What you are asked to do
Write the data out again, exactly as given.

Saved entries
┌──

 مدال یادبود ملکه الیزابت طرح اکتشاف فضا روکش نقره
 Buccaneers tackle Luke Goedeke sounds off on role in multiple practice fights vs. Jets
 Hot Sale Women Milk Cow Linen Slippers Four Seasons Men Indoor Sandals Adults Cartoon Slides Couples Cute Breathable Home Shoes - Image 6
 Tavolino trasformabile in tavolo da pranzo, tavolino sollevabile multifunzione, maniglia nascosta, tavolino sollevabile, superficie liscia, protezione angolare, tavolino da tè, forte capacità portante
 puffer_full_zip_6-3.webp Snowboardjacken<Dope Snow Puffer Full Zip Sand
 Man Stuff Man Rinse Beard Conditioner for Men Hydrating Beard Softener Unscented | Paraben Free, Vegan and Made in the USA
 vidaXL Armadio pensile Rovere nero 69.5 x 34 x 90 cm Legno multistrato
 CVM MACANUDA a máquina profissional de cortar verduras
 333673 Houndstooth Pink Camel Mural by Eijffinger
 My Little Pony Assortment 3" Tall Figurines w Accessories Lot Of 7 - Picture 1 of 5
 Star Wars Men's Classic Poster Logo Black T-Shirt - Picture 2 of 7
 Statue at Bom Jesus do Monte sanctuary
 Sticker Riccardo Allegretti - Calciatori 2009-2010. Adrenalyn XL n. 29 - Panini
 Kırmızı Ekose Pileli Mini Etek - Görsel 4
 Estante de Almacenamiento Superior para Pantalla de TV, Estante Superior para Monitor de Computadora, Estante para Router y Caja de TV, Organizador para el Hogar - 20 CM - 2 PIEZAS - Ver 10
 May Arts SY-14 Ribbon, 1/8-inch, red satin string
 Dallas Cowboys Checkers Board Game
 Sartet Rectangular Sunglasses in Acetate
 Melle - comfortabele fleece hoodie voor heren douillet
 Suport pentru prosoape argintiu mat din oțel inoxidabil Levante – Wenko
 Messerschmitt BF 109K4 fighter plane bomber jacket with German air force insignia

└──

The answer
 مدال یادبود ملکه الیزابت طرح اکتشاف فضا روکش نقره
 Buccaneers tackle Luke Goedeke sounds off on role in multiple practice fights vs. Jets
 Hot Sale Women Milk Cow Linen Slippers Four Seasons Men Indoor Sandals Adults Cartoon Slides Couples Cute Breathable Home Shoes - Image 6
 Tavolino trasformabile in tavolo da pranzo, tavolino sollevabile multifunzione, maniglia nascosta, tavolino sollevabile, superficie liscia, protezione angolare, tavolino da tè, forte capacità portante
 puffer_full_zip_6-3.webp Snowboardjacken<Dope Snow Puffer Full Zip Sand
 Man Stuff Man Rinse Beard Conditioner for Men Hydrating Beard Softener Unscented | Paraben Free, Vegan and Made in the USA
 vidaXL Armadio pensile Rovere nero 69.5 x 34 x 90 cm Legno multistrato
 CVM MACANUDA a máquina profissional de cortar verduras
 333673 Houndstooth Pink Camel Mural by Eijffinger
 My Little Pony Assortment 3" Tall Figurines w Accessories Lot Of 7 - Picture 1 of 5
 Star Wars Men's Classic Poster Logo Black T-Shirt - Picture 2 of 7
 Statue at Bom Jesus do Monte sanctuary
 Sticker Riccardo Allegretti - Calciatori 2009-2010. Adrenalyn XL n. 29 - Panini
 Kırmızı Ekose Pileli Mini Etek - Görsel 4
 Estante de Almacenamiento Superior para Pantalla de TV, Estante Superior para Monitor de Computadora, Estante para Router y Caja de TV, Organizador para el Hogar - 20 CM - 2 PIEZAS - Ver 10
 May Arts SY-14 Ribbon, 1/8-inch, red satin string
 Dallas Cowboys Checkers Board Game
 Sartet Rectangular Sunglasses in Acetate
 Melle - comfortabele fleece hoodie voor heren douillet
 Suport pentru prosoape argintiu mat din oțel inoxidabil Levante – Wenko
 Messerschmitt BF 109K4 fighter plane bomber jacket with German air force insignia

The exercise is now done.